Issued by banks, credit unions, and online lenders, a mortgage is the overall cost of your home payed in monthly installments. A payment is made up of four parts:
The Principal Balance
An outstanding principal balance is what you owe for the home. If you and a seller have agreed on the price of $175,000 for a house, then your principal is $175,000. However, during the process, you’re required to pay a down payment. The more funds you put down, the less your principal balance.
This is the cost of taking out the loan. The interest, together with the principal, is the majority of your mortgage. But how do you calculate these numbers?
Using the same example, let’s say you have an interest rate of 3.5%. If you put down $20,000 as a down payment on the $175,000 home, you’re left with $155,000 as the principal.
$155,000 X 3.5% rate = $5,425 total annual interest
$5,425 / 12 months = $452 total monthly interest
Interest is always required together with the principal balance.
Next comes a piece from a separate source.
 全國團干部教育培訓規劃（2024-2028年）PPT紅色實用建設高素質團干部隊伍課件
The good news is that the more you pay down the principal, the less you pay in monthly interest.
Property taxes vary based on the location and value of your home. Lenders will calculate the yearly taxes, divide that amount by 12, then include it in the monthly mortgage payments. Note that even after the mortgage is paid off, property taxes are still required. However, instead of the lender paying on your behalf, the responsibility becomes yours.
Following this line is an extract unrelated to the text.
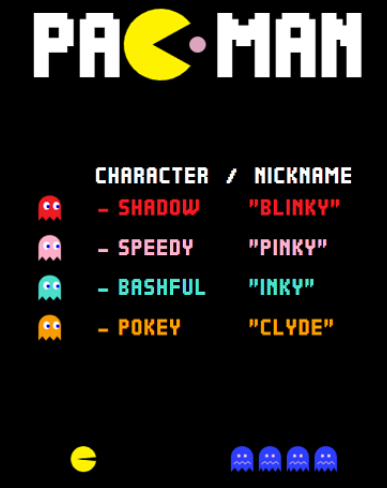 Pac-Man Classic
Depending on where you live, supplemental mortgage insurance protects you in the event of certain risks. Unpredictable situations like fire, theft, and natural disasters are covered.
Keep payments Low
It is possible to keep payments down. Before the mortgage is finalized, be sure to shop around and compare rates even before you’ve started house hunting. Familiarizing yourself with the market and current rates prepares you for the best monthly mortgage possible!